Science vs. God no.1

So this is an ongoing for ever and ever debate and last night while the other guys were gone looking for food I sneaked in the PC room and put up a slide just for me to remind me of some key point of the debate. Christoff is an avowed atheist and JimB admittedly religious so it is left to Manolo and me to adopt a more skeptical position on the topic. Given that Manolo is after girls most of the time I should just count me. Here is the slide and some key points I overheard last week by a group of students:

I want to go over some of the arguments FOR the existence of God. These were put forwards, not surprisingly, by theologians. This is not to imply that theologians are the only people backing God, but we have to remember that monks and priests have always had the advantage of making money out of sitting all day reading books and pursuing whatever they wanted besides religion. Many individuals in the 1700's and 1800's went into priesthood so that they could study science and/or philosophy ( Gregor Mendel - 1822-84). So naturally clergy men used to be among the most educated in art, philosophy, philology and even science. That makes the fact they ignored, and still do, scientific theory even more reprehensible.

St. Thomas Aquinas's 5 arguments

- The "unmoved mover" - someone set everything in motion since whatever is in motion is set by another thing....infinite regression....God
- The "first cause" - causality...infinite regression...God
- The cosmological argument - all things have a beginning and end. But nothing comes from nothing so something must have existed when nothing else did...God
- The teleological argument - design of the world
- The absolutes argument - A good person for example is good, better, or worse compared to a standard we have. This standard is one of infinite goodness, which is God

St. Anselm's ontological argument

God is a being than which nothing greater can be conceived. If God existed only in mind, He then would not be the greatest conceivable being, for we could imagine another being that is greater because it would exist both in mind and reality ipso facto would be God. Therefore, to imagine God as existing only in the mind but not in reality leads to logical contradiction.

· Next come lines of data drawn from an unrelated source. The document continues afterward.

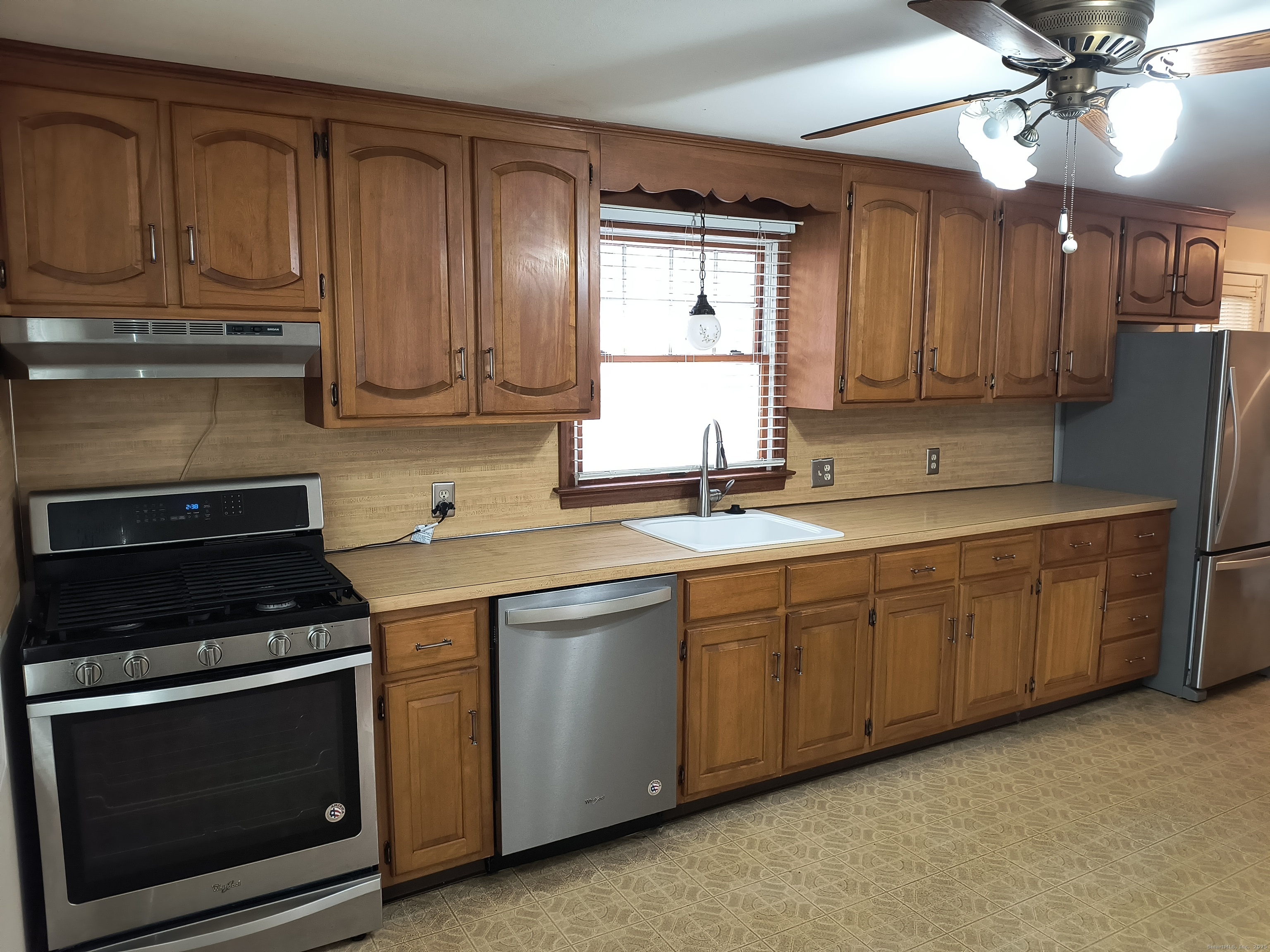 28 McLaughlin Terrace Derby, CT 06418 - Photo 31 of 37 a kitchen with stainless steel appliances granite countertop a stove a sink and a microwave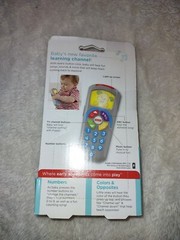 Fisher Price Laugh and Learn Puppy’s Remote 6-36 M Baby Toy 35+ Songs & Sounds.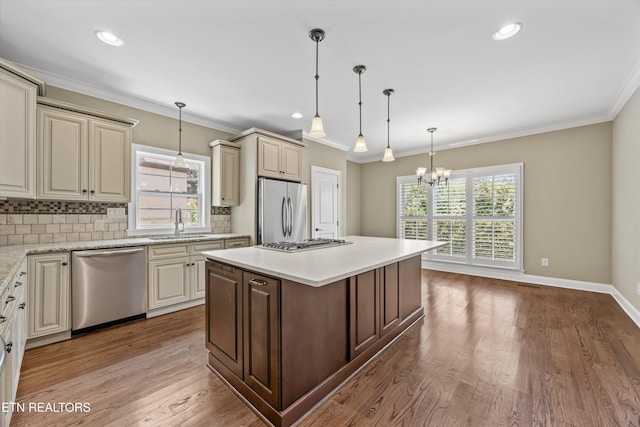 1219 Barton Place Ln, Knoxville, TN 37922 - kitchen with stainless steel appliances, cream cabinetry, a chandelier, tasteful backsplash, and crown molding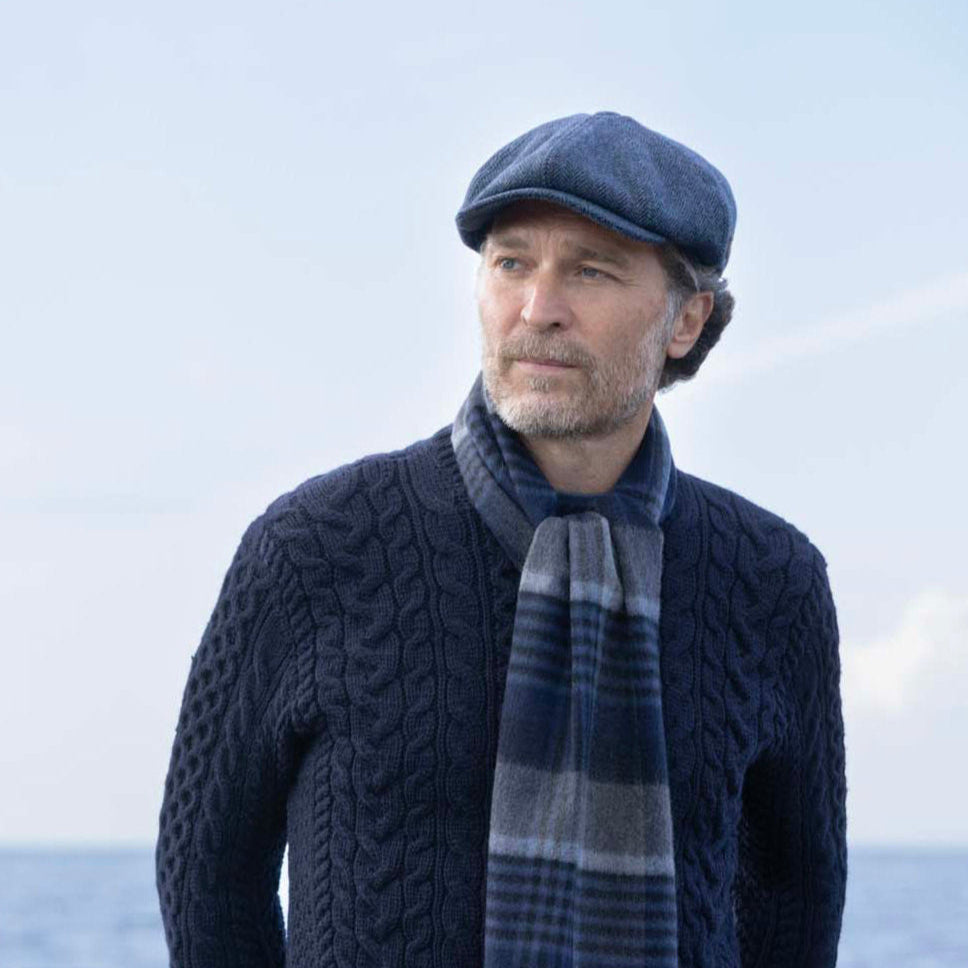 Man wearing a navy sweater, cap, and plaid scarf against a light blue background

Immanuel Kant's moral argument

God's existence is a necessary presupposition of there bring any moral judgments that are objective, that go beyond mere relativistic moral preferences. Such judgments require standards external to any human mind-that is, they presume God's mind.



Many of these arguments have been refuted in the past and I will no go into that. For further reference one can read Bertrand Russel's "History of Western Philosophy" where he gives a very good account of the ideas of major Christian philosophers and the church fathers. Richard Dawkins in "The God Delusion" tries to refute the arguments by St. Thomas and St. Anslem. Dawkins also discusses how someone can be moral without the fear of Hell. As for the objectivity of moral judgments and the relative nature of good and bad one can turn to the philosopher Friedrich Nietzsche for an enjoyable account in "Beyond Good and Evil", or to Marc Hauser for a more science oriented account in his book "Moral Minds: How Nature Designed a Universal Sense of Right and Wrong".